Captioned web images
-=-=-

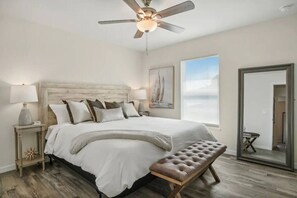 4 Schlafzimmer, Schreibtisch, Bügeleisen/Bügelbrett, kostenloses WLAN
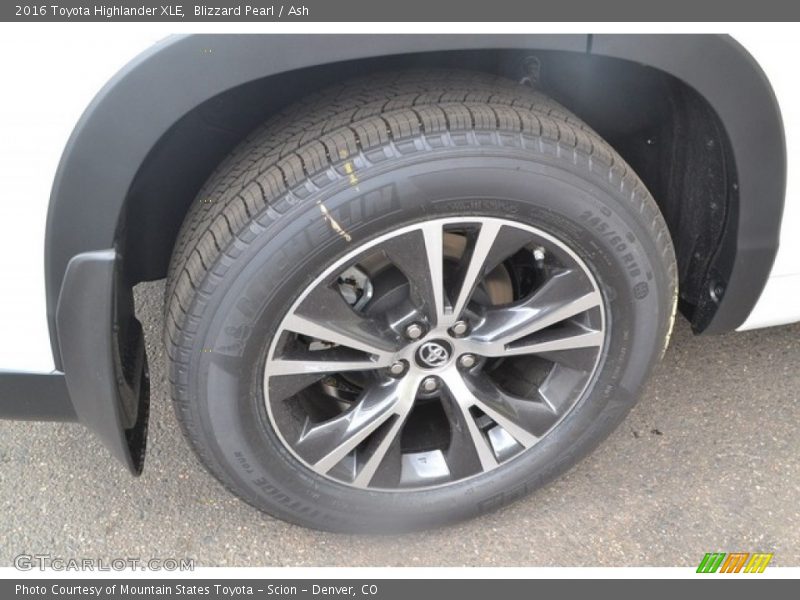 Blizzard Pearl / Ash 2016 Toyota Highlander XLE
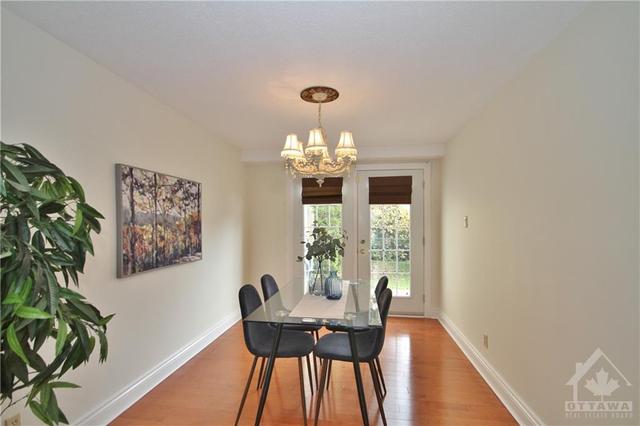 1041 Barwell Avenue, Home with 3 bedrooms, 3 bathrooms and 6 parking in Ottawa ON | Image 7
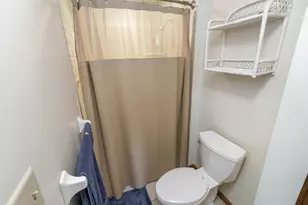 200 Glenhurst Ct, Columbus, OH 43230 - Photo 23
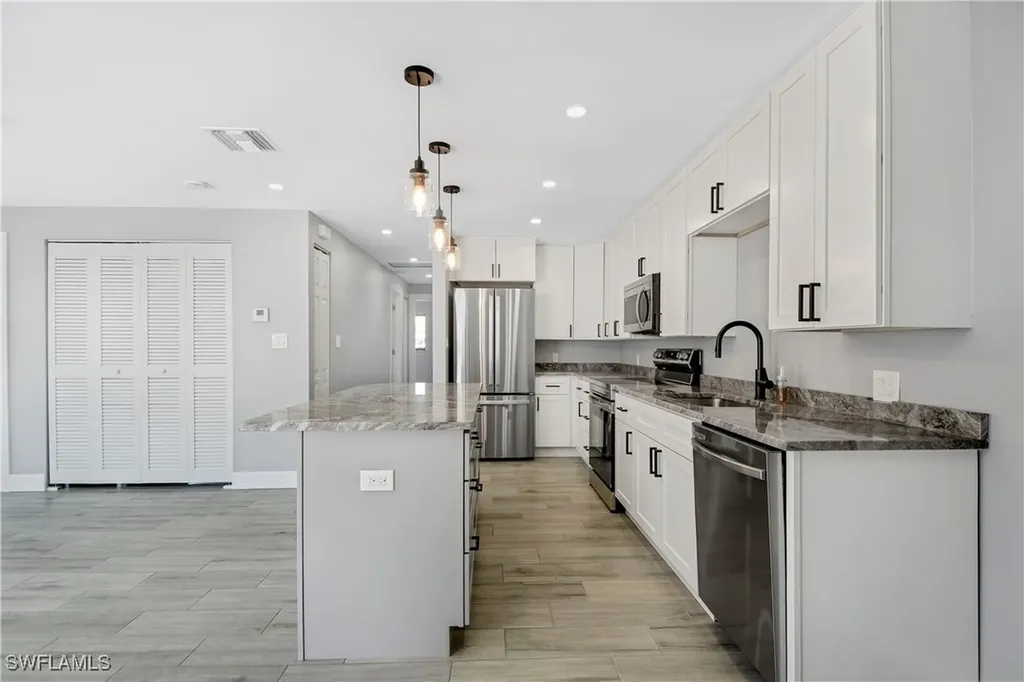 144 San Salvador Street Naples FL 34113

-=-=-

REQUIRED ACTION> Although the records contain pictures, your copy should hold only the text, reproduced exactly.

RESPONSE FOR THIS EXERCISE>
 4 Schlafzimmer, Schreibtisch, Bügeleisen/Bügelbrett, kostenloses WLAN
 Blizzard Pearl / Ash 2016 Toyota Highlander XLE
 1041 Barwell Avenue, Home with 3 bedrooms, 3 bathrooms and 6 parking in Ottawa ON | Image 7
 200 Glenhurst Ct, Columbus, OH 43230 - Photo 23
 144 San Salvador Street Naples FL 34113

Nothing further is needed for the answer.